● **Data below**
--- START ---

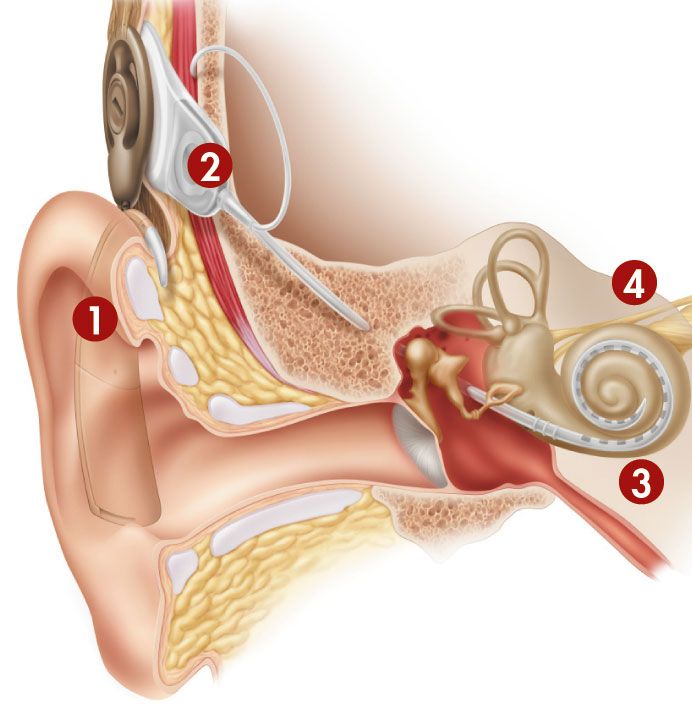 cochlear_fig3_w.gif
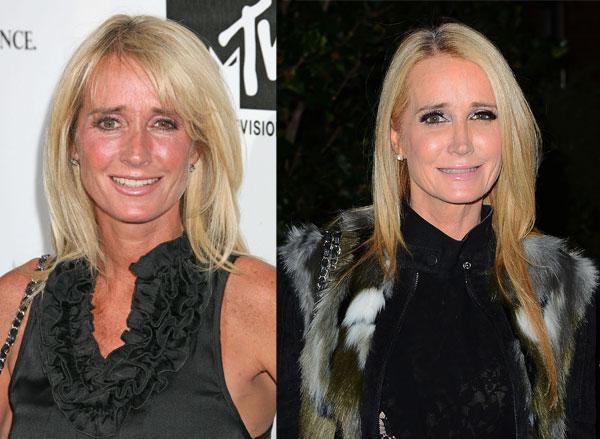 //real housewives plastic surgery secrets revealed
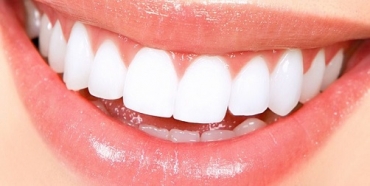 بهترین مارک کامپوزیت دندان ، برندهای کامپوزیت دندان | کامپوزیت دندان در تبریز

--- END ---

● **Your objective**
An exact transcription of the listing is required, and it must contain no pictures.

● **Solution**
 cochlear_fig3_w.gif
 //real housewives plastic surgery secrets revealed
 بهترین مارک کامپوزیت دندان ، برندهای کامپوزیت دندان | کامپوزیت دندان در تبریز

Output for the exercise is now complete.